The current investigation examined putative differences in self-report and behavioral (Pizzagalli et al., 2005) measures of anhedonia and reward responsiveness between depressed smokers and nonsmokers. Consistent with hypotheses, depressed smokers reported higher baseline levels of trait anhedonia and reduced reward responsiveness compared with depressed nonsmokers. Specifically, depressed smokers endorsed greater loss of interest on the BDI-II, elevated anhedonia on the MASQ-AD, and diminished reward responsiveness on the BIS/BAS. These findings are in line with existing literature, which has shown positive associations between anhedonia and smoking behavior (i.e., increased craving and urge to smoke, poor response to smoking cessation treatments; Ameringer & Leventhal, 2010; Cook et al., 2010; Leventhal et al., 2008; Leventhal et al., 2009).

With respect to reward-based learning, depressed smokers (who were allowed to smoke to satiation prior to the reward learning task) evidenced stronger preference for the more frequently rewarded stimulus (i.e., significantly increased ΔRB). This suggests that nicotine-satiated smokers with depression demonstrated more robust acquisition of reward-based learning during the task as compared to depressed nonsmokers. These findings are consistent with preclinical and human studies indicating that nicotine acutely enhances reward learning and sensitivity to non-drug rewards (Barr et al., 2008; Epping-Jordan et al., 1998; Kenny & Markou, 2006). However, study results extend this literature to highlight the effects of nicotine on reward learning among individuals with clinical depression. Study findings offer support for nicotine’s role in enhancing reward learning among depressed individuals, suggesting a potential mechanism of action underlying the common co-occurrence of depression and smoking behavior (Breslau et al., 2004; Grant et al., 2004).

This mechanism may involve a complex interaction of neuroanatomical and biochemical pathways implicated in the brain’s reward system (Buhler et al., 2010; Forbes, 2009; Holroyd & Coles, 2002).
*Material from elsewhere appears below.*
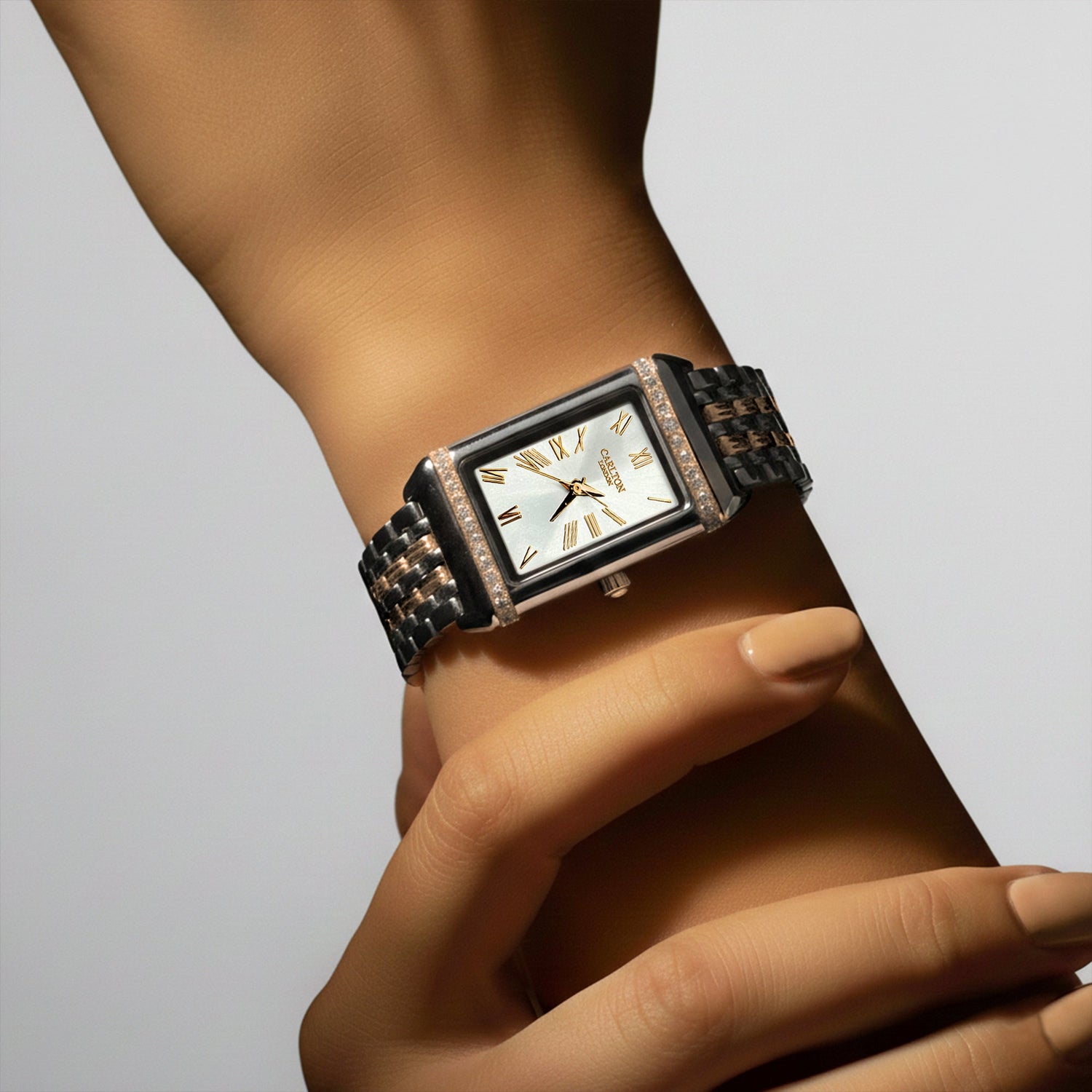 Carlton London Women Amara White Analog Watch CL-AM-WHT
More specifically, depression and anhedonia have been linked to hypoactivation in key structures of the reward pathway, including the caudate, nucleus accumbens, and putamen, during both the anticipatory/motivational and consummatory/hedonic phases of reward learning (Gard, Kring, Gard, Horan, & Green, 2007; Pizzagalli et al., 2009). Similarly, abstinent smokers demonstrate dysfunction in the brain’s motivational system during the anticipatory phase of reward learning, in particular decreased striatal activity in anticipation of non-drug reinforcers (Buhler et al., 2010; Peters et al., 2011). However, acute nicotine exposure appears to ameliorate this hypoactivation among dependent smokers, with data showing increased activation after nicotine administration in the dorsal striatum during anticipatory reward responding and in the medial prefrontal cortex associated with sensitivity to reward (Rose et al., 2013).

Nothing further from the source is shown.